> [PROBLEM REQUIREMENTS]
Your task is to repeat exactly the lines below between the line holding "The Lord of" and the line holding "Maison à LIMEIL-BREVANNES", inclusive, and only those.

··· EXTRACTED ENTRIES ···

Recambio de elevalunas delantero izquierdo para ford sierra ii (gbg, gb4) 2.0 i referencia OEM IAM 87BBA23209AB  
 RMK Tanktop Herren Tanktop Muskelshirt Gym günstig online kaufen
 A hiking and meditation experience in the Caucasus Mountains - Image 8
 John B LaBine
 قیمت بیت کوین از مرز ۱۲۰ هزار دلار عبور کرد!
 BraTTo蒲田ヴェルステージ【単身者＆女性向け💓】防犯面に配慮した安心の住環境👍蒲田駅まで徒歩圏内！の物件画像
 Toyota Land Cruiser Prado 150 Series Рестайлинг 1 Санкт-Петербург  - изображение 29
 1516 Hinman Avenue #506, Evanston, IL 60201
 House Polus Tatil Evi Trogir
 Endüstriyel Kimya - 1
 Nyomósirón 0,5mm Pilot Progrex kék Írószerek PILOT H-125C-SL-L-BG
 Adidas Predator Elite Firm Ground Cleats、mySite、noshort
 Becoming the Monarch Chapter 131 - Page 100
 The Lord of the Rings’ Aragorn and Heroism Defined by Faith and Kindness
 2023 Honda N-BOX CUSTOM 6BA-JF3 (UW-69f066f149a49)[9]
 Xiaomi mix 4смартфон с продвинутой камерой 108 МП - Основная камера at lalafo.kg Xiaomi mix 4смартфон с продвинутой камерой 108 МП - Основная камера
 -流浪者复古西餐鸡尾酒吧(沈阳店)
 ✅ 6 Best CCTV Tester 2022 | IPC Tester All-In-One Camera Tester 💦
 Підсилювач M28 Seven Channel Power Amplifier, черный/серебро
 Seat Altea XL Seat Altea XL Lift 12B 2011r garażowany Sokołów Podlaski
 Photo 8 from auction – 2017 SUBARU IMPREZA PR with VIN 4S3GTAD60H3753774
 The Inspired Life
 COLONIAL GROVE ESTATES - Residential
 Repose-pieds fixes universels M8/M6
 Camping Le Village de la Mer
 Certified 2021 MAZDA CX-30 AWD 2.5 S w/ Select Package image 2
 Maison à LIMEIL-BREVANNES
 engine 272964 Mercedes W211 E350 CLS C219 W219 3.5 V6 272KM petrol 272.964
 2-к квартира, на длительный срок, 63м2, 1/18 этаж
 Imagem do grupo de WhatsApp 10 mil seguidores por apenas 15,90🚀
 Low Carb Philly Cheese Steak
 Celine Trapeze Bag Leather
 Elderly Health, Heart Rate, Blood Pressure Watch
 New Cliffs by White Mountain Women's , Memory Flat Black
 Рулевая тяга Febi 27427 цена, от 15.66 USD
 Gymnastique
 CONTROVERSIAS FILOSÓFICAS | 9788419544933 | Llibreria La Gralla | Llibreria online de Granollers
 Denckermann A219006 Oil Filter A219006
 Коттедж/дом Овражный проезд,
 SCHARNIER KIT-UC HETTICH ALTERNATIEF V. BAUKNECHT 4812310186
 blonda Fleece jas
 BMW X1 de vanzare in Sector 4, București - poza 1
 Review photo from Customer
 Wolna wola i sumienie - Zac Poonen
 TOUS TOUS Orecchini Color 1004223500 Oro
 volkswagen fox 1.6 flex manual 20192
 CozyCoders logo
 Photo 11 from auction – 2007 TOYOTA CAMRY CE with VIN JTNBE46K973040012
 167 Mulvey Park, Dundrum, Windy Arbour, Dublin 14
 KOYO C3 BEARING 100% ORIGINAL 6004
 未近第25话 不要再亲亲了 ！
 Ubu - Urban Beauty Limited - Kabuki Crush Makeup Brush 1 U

···

> [THE ANSWER]
 The Lord of the Rings’ Aragorn and Heroism Defined by Faith and Kindness
 2023 Honda N-BOX CUSTOM 6BA-JF3 (UW-69f066f149a49)[9]
 Xiaomi mix 4смартфон с продвинутой камерой 108 МП - Основная камера at lalafo.kg Xiaomi mix 4смартфон с продвинутой камерой 108 МП - Основная камера
 -流浪者复古西餐鸡尾酒吧(沈阳店)
 ✅ 6 Best CCTV Tester 2022 | IPC Tester All-In-One Camera Tester 💦
 Підсилювач M28 Seven Channel Power Amplifier, черный/серебро
 Seat Altea XL Seat Altea XL Lift 12B 2011r garażowany Sokołów Podlaski
 Photo 8 from auction – 2017 SUBARU IMPREZA PR with VIN 4S3GTAD60H3753774
 The Inspired Life
 COLONIAL GROVE ESTATES - Residential
 Repose-pieds fixes universels M8/M6
 Camping Le Village de la Mer
 Certified 2021 MAZDA CX-30 AWD 2.5 S w/ Select Package image 2
 Maison à LIMEIL-BREVANNES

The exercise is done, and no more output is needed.